WO2015020681A1 - Modular architecture for helium compressors - Google Patents

Abstract

A modular architecture for helium compressors is described. In the modular architecture, oil is cooled independently from gas. In one aspect, the oil is cooled subsequent to the gas with a series of water-cooled heat exchangers. In another aspect, the oil is cooled using a water-cooled heat exchanger coupled to a radiator, and the gas is independently cooled using a refrigerant-cooled heat exchanger coupled to a condensing unit.

Description

MODULAR ARCHITECTURE FOR HELIUM COMPRESSORS

TECHNICAL FIELD

[0001] This invention relates to cryogenic refrigeration systems; and more particularly, to a modular architecture for helium compressors within such cryogenic refrigeration systems.

BACKGROUND ART

[0002] In conventional systems, about 10% of heat generated by a helium compressor is transferred into the helium, but this helium should be cooled to less than 20°C for best performance, both for Gifford McMahon (GM) type cryocooler systems and pulse tube cryocooler based systems. The majority of the heat load in such systems is attributed to cooling the oil, but the oil does not need to be cooled below around 50°C as long as the flow rate stays high, for example about 3.0 gallons per minute. Thus, there are distinct cooling requirements for each of the helium and the oil used in the cryogenic refrigeration system. This distinction has not been appreciated in traditional water-cooled or air-cooled helium compressors.

[0003] FIG.l shows a heat exchanger 10 having chilled water flowing therethrough, wherein cold chill water flows into an inlet in the heat exchanger 10, and circulates within an interior volume of the heat exchanger 10, before exiting as warm chill water out of an outlet of the heat exchanger 10. Hot helium is introduced through a first conduit 20 within the heat exchanger, and is cooled to yield cool helium flowing out of the first conduit 20. Similarly, hot oil is introduced through a second conduit 30 within the heat exchanger, and is cooled to yield cool oil flowing out of the second conduit 30. The hot helium and hot oil are each introduced at an end of the heat exchanger where the chill water is exiting, in theory to provide a maximum cooling gradient therebetween. Notice that each of the oil and the helium are collectively cooled by the heat exchanger, effectively cooling both the oil and the helium to some extent, but not very efficiently. Here, the oil consumes most of the cooling power of the heat exchanger, and the helium is not cooled sufficiently to yield maximum performance of the cryogenic refrigeration system.

[0004] For example, U.S. Serial No. 12/832,438, filed July 08, 2010, titled "AIR

COOLED HELIUM COMPRESSOR", describes a conventional system that is embodied with a combination Helium and Oil heat exchanger unit. Although the '438 application claims novelty of the placement of an oil cooler outdoors (as opposed to indoors) for maintaining a cool indoor environment, the embodiments described therein lend evidence of the state of the art where independent cooling requirements of the helium and oil within the system are not addressed independently, but rather, collectively.

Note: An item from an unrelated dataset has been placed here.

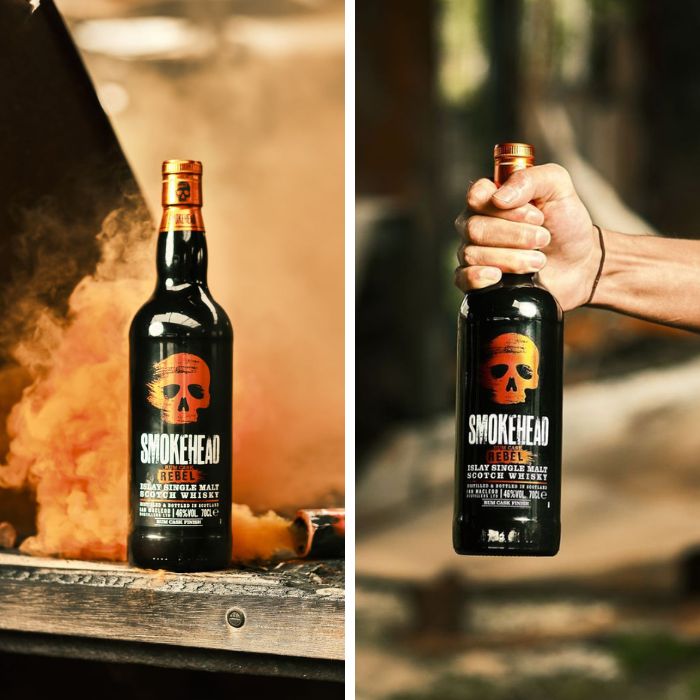 SMOKEHEAD Rum Cask Rebel 46 % | Whisky tourbé écossais au caractère rebelle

[0005] The embodiments as described and claimed herein present an improvement over conventional architectures for helium gas compressors within such cryogenic refrigeration systems.

SUMMARY OF THE INVENTION

Technical Problem

[0006] Conventional architecture and methods for helium compressors within cryogenic refrigeration systems are functional, but extremely inefficient and can be unsafe.

Solution to Problem

[0007] A modular architecture for helium compressors is proposed. The modular architecture can be applied to a variety of environments, including those with chill water available and those without a source of readily available chill water. In addition, the proposed modular architecture incorporates the understanding that helium gas and oil each have distinct cooling requirements, wherein helium gas is required to be cooled to a temperature much lower than the oil. With this in mind, the solutions proposed and claimed provide independent cooling of the oil and helium within the compressor architecture.

[0008] In one embodiment, where chill water is available, the modular architecture comprises a first heat exchanger and a second heat exchanger coupled in series order, the chill water is first circulated through the first heat exchanger for cooling the helium gas, and subsequently circulated through the second heat exchanger for cooling the oil. In this regard, heat absorbed from the oil is not introduced into the helium cooling portion, thus the efficiency of the helium cooling portion is improved compared to conventional systems where both the oil and the helium are cooled within a common dual-purpose heat exchanger.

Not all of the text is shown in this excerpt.